Sothirak ha convenuto che entrambi i governi hanno un pubblico interno da gestire, il che significa che il sentimento pubblico in entrambi i paesi continua a modellare il processo decisionale ufficiale. Ha affermato che entrambe le parti devono impegnarsi nuovamente nell’impegno diplomatico e nella riconciliazione.
“Il mio messaggio è che dovete aderire e impegnarvi con entrambi i Paesi per raggiungere una coesistenza pacifica. È essenziale praticare la riconciliazione tra le nazioni. Una volta stabilita la riconciliazione, può seguire la normalizzazione”, ha detto, aggiungendo: “La pace è meglio del conflitto”
Sothirak ha anche sottolineato quelle che considera risposte pubbliche controproducenti, come gli appelli al boicottaggio dei prodotti tailandesi.

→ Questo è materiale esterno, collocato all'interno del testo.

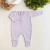 Saída maternidade tricot lilás - Lola - comprar online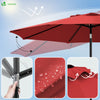 Parasol inclinable 2.70 x 2.40m avec housse de protection rouge - vounat.shop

“A dire il vero, realisticamente gli imprenditori thailandesi non fanno affari per sfamare l’esercito thailandese. Fanno affari per soddisfare se stessi, per i propri azionisti”, ha affermato, sostenendo che l’opinione pubblica dovrebbe rimanere pragmatica anziché appoggiarsi a pensieri estremisti.
“La maggior parte dei thailandesi sono buoni amici della Cambogia, e la Cambogia vuole avere la pace con la Thailandia, e la Thailandia dovrebbe avere la pace con la Cambogia”, ha affermato.
Gli scenari migliori e peggiori
Il conflitto potrebbe persistere per anni, ma gli analisti hanno offerto visioni contrastanti su ciò che verrà dopo.
Pravit ha affermato che l’obiettivo finale dovrebbe essere la riapertura delle frontiere e la ripresa del normale commercio, turismo e scambio culturale, insieme all’accettazione da parte di entrambe le parti dell’esito del processo UNCLOS mentre i territori terrestri contesi tornano al tavolo dei negoziati.

“Un’altra cosa è quando le persone in entrambe le nazioni si astengono dal diffondere discorsi d’odio e stereotipi, pienamente consapevoli di quanto possano diventare tossici e virali”, ha affermato.
“In sostanza, i rapporti diventano normali grazie al buon vicinato e da entrambe le parti c’è una profonda consapevolezza delle questioni delicate e delle controversie imminenti che devono essere gestite con tatto.”
Sok Samphoas si è mostrato più cauto, affermando che è difficile prevedere il successo degli sforzi di normalizzazione.
“Sono scettica sul fatto che si possa verificare una normalizzazione significativa nelle attuali circostanze”, ha affermato, sottolineando un possibile esito peggiore in cui Cambogia e Thailandia instaureranno una relazione caratterizzata da una fiducia politica limitata e da una cooperazione minima, paragonabile alla lunga disputa territoriale tra India e Pakistan.
Nella migliore delle ipotesi, ha affermato, “entrambi i governi potrebbero ricominciare a tenere colloqui bilaterali per ripristinare l’impegno diplomatico.
“Potrebbero seguire la riapertura degli scambi commerciali, la normalizzazione dei valichi di frontiera e la ricostruzione dei legami interpersonali, tutti fattori che storicamente hanno portato benefici a entrambe le società.”